The gardens have all been designed to bring to life the worlds of famous writers like Jean-Jacques Rousseau, Octave Mirbeau, Marcel Proust or Jorge Luis Borges. There’s also inspiration drawn from American Indian legends and the Sufi tale of the Conference of the Birds, demonstrating the incredible literary variety.
As you walk through the gardens, you’ll be swept away to a land of literary excitement. It will be all the more enjoyable if you read a book or two from the featured authors before you arrive.
There’s a whole list of prestigious guests who will be attending Chaumont-sur-Loire this year. If you’re an avid gardener, then you’ll be pleased to know that prominent landscape artist Bernard Lassus will be there, but there’s also something for art lovers too.
The famous American glass sculptor Dale Chihuly will be in attendance, as well as the remarkable team from OULIPO for literary lovers (a group that stands for Workshop of Potential Literature). It’s thanks to them that you can visit the mindblowing Jardin des voyelles (Garden of vowels).

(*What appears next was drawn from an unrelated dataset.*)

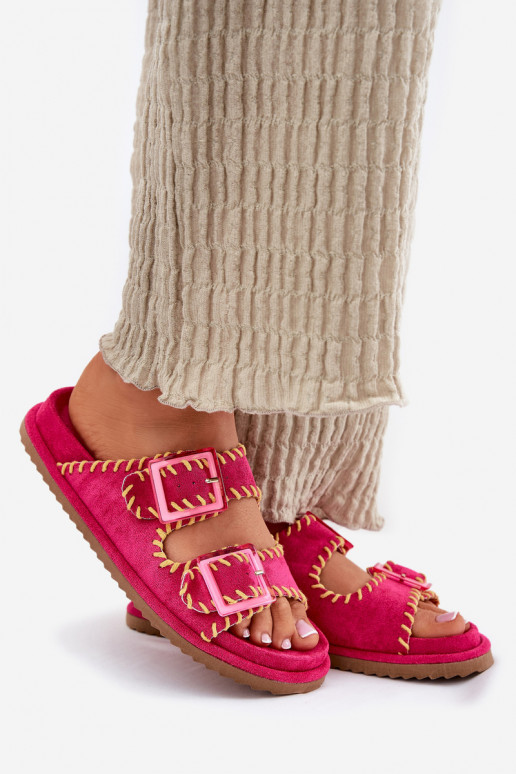 Damenhausschuhe mit Schnallen I Ozdobnym Obszyciem pinke Farbe Visley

After all the excitement of meeting famous guests and strolling around the architectural treasures of these incredible gardens, you’ll need a little relaxation. The perfect spot to do so is at the radically contemporary International Klein Blue Japanese meditation garden. There’s nowhere quieter to seek a quick moment of calm.

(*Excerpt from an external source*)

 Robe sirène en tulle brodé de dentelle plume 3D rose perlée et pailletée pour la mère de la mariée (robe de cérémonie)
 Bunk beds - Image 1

The design is inspired by the spaces of wonder that often stand at temples of Zen Buddhism, serving as an aid to meditation about the true meaning of life. Of course, while you’d be welcome to ruminate about the higher purpose of life in this gorgeous meditation garden, you can equally just soak up the splendour of serenity.

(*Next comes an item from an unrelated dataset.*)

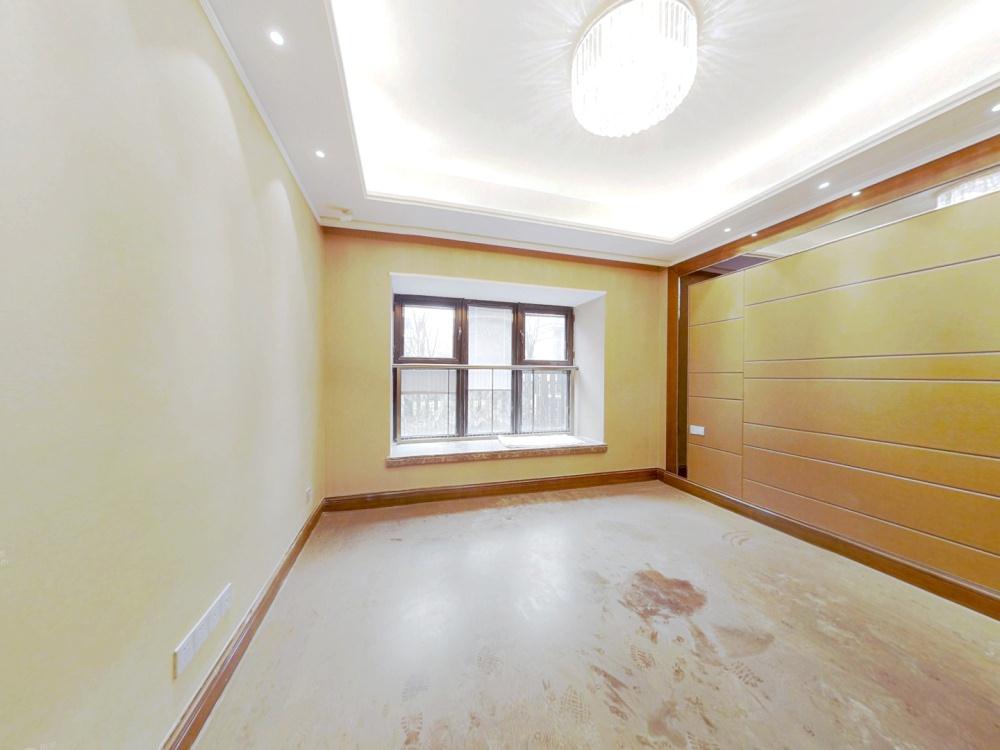 恒大御澜庭 6室2厅2卫 232.83m&sup2;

While gardens are most widely considered to be places of pleasure – or as this year’s theme suggests, even a place of intellectual inspiration at times – they can also be used to help solve the world’s crises.
As the concern for climate change intensifies, there’s no doubt that world architecture must adapt and a particular focus on the future of green architecture at this festival shows the benefits of revamping traditional concrete in favour of greener surfaces that can better deal with extreme heat and rainfall.
In this way, the plant-inspired poetry on show is not only interesting to read and the gardens delightful to stroll around, but also inspiring for the world’s most important concerns.
Among the treasures, you’ll find a sculptural book of sand, unprecedented spiral architecture and a contemporary cloister decked out with sublime ‘feather flowers’, to name just a few of the gems on show.